# Traffic violation jumping red signal



## abhinivas

Can anyone advise, the fine for jumping red signal in Abu Dhabi roads. I have violated the same mistakenly, what is the procedures. I have to pay 50k fine + car impounding + license suspention or any consideration from traffic department. This is the first time mistake from my side. Please advise


----------



## FAJ

I have the same problem, are there any updates from your side?


----------



## Stevesolar

Hi,
Do either of you have the Abu Dhabi police app on your phones?
Once you download this app and register your cars, driving license, IDs etc. - you can then instantly keep track of your car registration status and any fines that you have received.
This will then tell you if you have actually received a fine for crossing a red light - as well as what the fine level is and if it has attracted any black points on your license.
It is actually difficult to receive a red light fine “by mistake” - as the cameras only activate around 2 seconds after the light turns red - not instantly.
This means that even at normal speeds - you should have plenty of time to stop when you see that a light is changing from green - through orange to red.
Also note that many red light cameras are also speed cameras - so you can still be flashed when going through a green light - if you are travelling above the speed limit!
Cheers
Steve


----------



## Justin89

abhinivas said:


> Can anyone advise, the fine for jumping red signal in Abu Dhabi roads. I have violated the same mistakenly, what is the procedures. I have to pay 50k fine + car impounding + license suspention or any consideration from traffic department. This is the first time mistake from my side. Please advise


----------



## Justin89

If it is first time.. you have to pay 1000Aed + 3000 for car impound and 12 black point … they won’t suspend license.


----------



## LALALA

abhinivas said:


> Can anyone advise, the fine for jumping red signal in Abu Dhabi roads. I have violated the same mistakenly, what is the procedures. I have to pay 50k fine + car impounding + license suspention or any consideration from traffic department. This is the first time mistake from my side. Please advise


Hello. Any update from your side what happened? I jump thru a red signal last night. I didnt notice that there is a stoplight as it is green on the other side of the lane so I was confused and the next thing I notice is that the signal in my lane is red.


----------



## Joyeudela

LALALA said:


> Hello. Any update from your side what happened? I jump thru a red signal last night. I didnt notice that there is a stoplight as it is green on the other side of the lane so I was confused and the next thing I notice is that the signal in my lane is red.

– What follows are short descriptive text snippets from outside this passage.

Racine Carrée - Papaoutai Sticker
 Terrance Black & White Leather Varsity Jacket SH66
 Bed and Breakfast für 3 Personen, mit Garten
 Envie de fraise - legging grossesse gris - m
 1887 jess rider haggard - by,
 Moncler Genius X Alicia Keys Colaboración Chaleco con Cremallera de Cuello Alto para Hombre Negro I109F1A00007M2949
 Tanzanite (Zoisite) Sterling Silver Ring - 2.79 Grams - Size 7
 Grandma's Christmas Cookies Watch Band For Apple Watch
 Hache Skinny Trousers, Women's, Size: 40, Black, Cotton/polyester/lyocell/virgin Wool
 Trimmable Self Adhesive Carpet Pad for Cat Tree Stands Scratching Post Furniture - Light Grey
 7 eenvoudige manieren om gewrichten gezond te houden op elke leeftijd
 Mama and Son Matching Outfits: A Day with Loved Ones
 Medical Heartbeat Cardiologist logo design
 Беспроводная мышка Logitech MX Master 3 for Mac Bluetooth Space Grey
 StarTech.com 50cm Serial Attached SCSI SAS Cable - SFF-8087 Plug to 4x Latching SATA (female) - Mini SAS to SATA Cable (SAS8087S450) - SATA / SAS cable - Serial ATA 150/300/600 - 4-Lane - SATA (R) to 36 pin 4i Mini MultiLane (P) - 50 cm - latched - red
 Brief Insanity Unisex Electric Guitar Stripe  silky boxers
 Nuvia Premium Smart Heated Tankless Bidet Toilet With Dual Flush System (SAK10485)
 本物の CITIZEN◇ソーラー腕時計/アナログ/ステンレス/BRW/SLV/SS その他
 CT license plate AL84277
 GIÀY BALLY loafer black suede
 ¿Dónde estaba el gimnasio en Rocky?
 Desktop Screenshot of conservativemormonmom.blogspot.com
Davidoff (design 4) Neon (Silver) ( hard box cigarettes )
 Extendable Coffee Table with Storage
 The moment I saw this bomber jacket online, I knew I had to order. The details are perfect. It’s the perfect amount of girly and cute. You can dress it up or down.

Hi. Following this thread. Hope you can share updates as the same happened to me just this morning as well. It was my first time to pass on that road today, seems like a roundabout but theres a signal so it was confusing.😔


----------



## Joyeudela

Justin89 said:


> If it is first time.. you have to pay 1000Aed + 3000 for car impound and 12 black point … they won’t suspend license.


is this applies to everyone when happened the first time? or still depends to the evaluation of traffic department? Your reply will be very much appreciated 🙏


----------